Eu precisava aprender o máximo sobre a necromancia antes de retornar à Arton. Por


mais vergonhosa que minha morte lá tenha sido, eu tive a oportunidade de crescer e
aprimorar a minha arte e com quem me ensinou. Como não precisava mais comer ou
dormir, dedicava-me quase que exclusivamente aos meus estudos e normalmente só
parava para falar com Varaniel e traçar nossas estratégias. Eu já tinha um plano, só não
tinha resolvido onde que eu esconderia meu filactério, que era o segredo sórdido da
minha imortalidade.

Se eu conseguisse chegar àquela tumba onde matei Hagius... Acredito que lá seria ideal
para deixar, no meio de infindáveis tesouros, uma gema passaria desapercebida, não é
mesmo?

- Quando eu voltar, temos mais um problema. Tenho que esconder um pertence meu em
um lugar seguro e, de preferência, inacessível. Alguma sugestão?

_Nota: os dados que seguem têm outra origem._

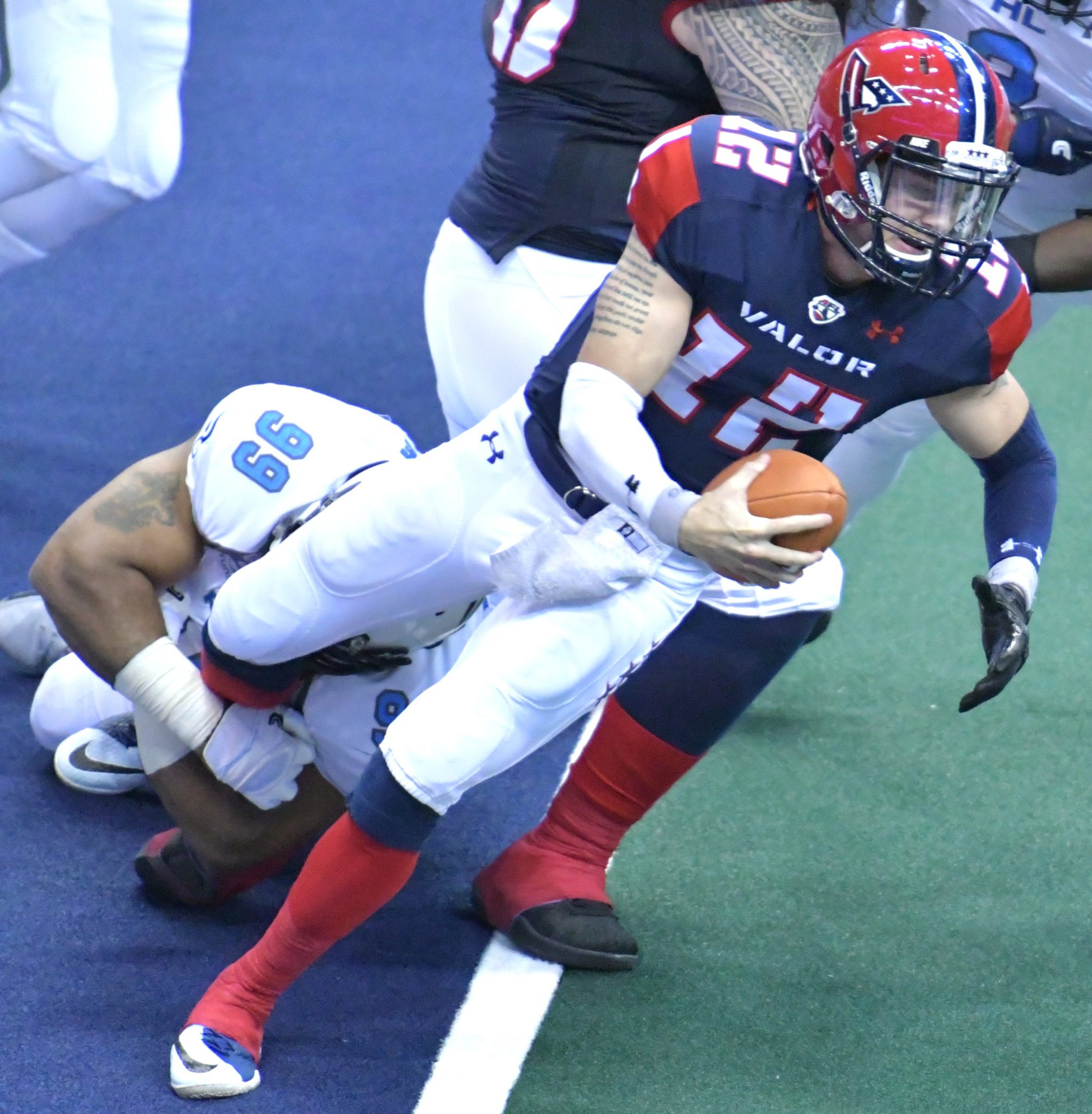 Washington Valor quarterback Sean Brackett is tackled by Philadelphia Soul defensive lineman Justin Lawrence during Philadelphia's 48-47 win at Verizon Center in D.C. on May 27. (John E. De Freitas/The Washington Informer)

- Certamente. No lugar que descobrimos quem era Hagius- O local havia me passado
desapercebido pela mente, mas seria perfeito.

- Você consegue chegar lá? Ou pelo menos enviar o item ao local... - Apesar de minhas
tentativas, a frigidez de minha morte me afeta lentamente, ainda mais quando foquei na
missão de meu amado.

- Um problema de cada vez, minha doce Eleniss. Primeiro volte ao meu lado e depois
damos um jeito...

- Já consegui resolver - Apesar de não ter sido minha intenção, acabei atropelando a
fala dele - Viagem Planar é a magia que eu precisava e já estou articulando para
conseguir o material necessário para voltar ao seu plano, mas preciso pensar em um
meio de deixar isso lá, uma vez que viajar com ele bota minha existência em risco.- Eu
respirei fundo e, pela primeira vez, fui clara sobre meu estado - Varaniel, você entende
que eu sou uma Lich agora, certo?- As palavras sairam pesadas da minha boca.

- Assim que chegar, partimos para o local. E Eleniss, entende que você é e sempre será
Eleniss, para mim, certo?

"Varaniel, meu amor, me aguarde.


Se depender de mim, terás o mundo e a eternidade ao meu lado."